(Records drawn from a dataset)
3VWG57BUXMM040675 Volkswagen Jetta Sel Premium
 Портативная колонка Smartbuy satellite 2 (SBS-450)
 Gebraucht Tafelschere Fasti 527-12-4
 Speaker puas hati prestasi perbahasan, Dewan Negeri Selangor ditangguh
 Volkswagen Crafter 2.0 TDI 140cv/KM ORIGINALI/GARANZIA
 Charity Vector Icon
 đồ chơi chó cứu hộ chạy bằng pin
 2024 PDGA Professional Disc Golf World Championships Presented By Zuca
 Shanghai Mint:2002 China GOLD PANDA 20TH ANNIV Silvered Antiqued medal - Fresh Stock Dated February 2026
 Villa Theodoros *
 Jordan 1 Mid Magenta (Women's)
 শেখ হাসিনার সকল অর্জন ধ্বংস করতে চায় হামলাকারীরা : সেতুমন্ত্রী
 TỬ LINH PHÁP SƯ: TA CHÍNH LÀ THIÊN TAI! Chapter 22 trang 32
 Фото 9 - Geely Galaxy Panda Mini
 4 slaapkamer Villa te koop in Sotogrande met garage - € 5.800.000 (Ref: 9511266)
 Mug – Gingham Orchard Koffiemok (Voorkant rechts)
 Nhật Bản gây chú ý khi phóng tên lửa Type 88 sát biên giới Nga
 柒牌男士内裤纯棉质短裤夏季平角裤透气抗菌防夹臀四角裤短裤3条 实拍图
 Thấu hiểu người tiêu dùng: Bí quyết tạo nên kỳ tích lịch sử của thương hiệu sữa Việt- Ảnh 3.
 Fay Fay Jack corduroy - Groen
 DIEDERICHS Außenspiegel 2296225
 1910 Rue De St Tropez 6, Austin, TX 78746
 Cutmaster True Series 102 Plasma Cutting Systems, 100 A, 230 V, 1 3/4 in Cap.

WHAT THE TASK ASKS
All of the lines above are to be restated word for word.

EXERCISE ANSWER
3VWG57BUXMM040675 Volkswagen Jetta Sel Premium
 Портативная колонка Smartbuy satellite 2 (SBS-450)
 Gebraucht Tafelschere Fasti 527-12-4
 Speaker puas hati prestasi perbahasan, Dewan Negeri Selangor ditangguh
 Volkswagen Crafter 2.0 TDI 140cv/KM ORIGINALI/GARANZIA
 Charity Vector Icon
 đồ chơi chó cứu hộ chạy bằng pin
 2024 PDGA Professional Disc Golf World Championships Presented By Zuca
 Shanghai Mint:2002 China GOLD PANDA 20TH ANNIV Silvered Antiqued medal - Fresh Stock Dated February 2026
 Villa Theodoros *
 Jordan 1 Mid Magenta (Women's)
 শেখ হাসিনার সকল অর্জন ধ্বংস করতে চায় হামলাকারীরা : সেতুমন্ত্রী
 TỬ LINH PHÁP SƯ: TA CHÍNH LÀ THIÊN TAI! Chapter 22 trang 32
 Фото 9 - Geely Galaxy Panda Mini
 4 slaapkamer Villa te koop in Sotogrande met garage - € 5.800.000 (Ref: 9511266)
 Mug – Gingham Orchard Koffiemok (Voorkant rechts)
 Nhật Bản gây chú ý khi phóng tên lửa Type 88 sát biên giới Nga
 柒牌男士内裤纯棉质短裤夏季平角裤透气抗菌防夹臀四角裤短裤3条 实拍图
 Thấu hiểu người tiêu dùng: Bí quyết tạo nên kỳ tích lịch sử của thương hiệu sữa Việt- Ảnh 3.
 Fay Fay Jack corduroy - Groen
 DIEDERICHS Außenspiegel 2296225
 1910 Rue De St Tropez 6, Austin, TX 78746
 Cutmaster True Series 102 Plasma Cutting Systems, 100 A, 230 V, 1 3/4 in Cap.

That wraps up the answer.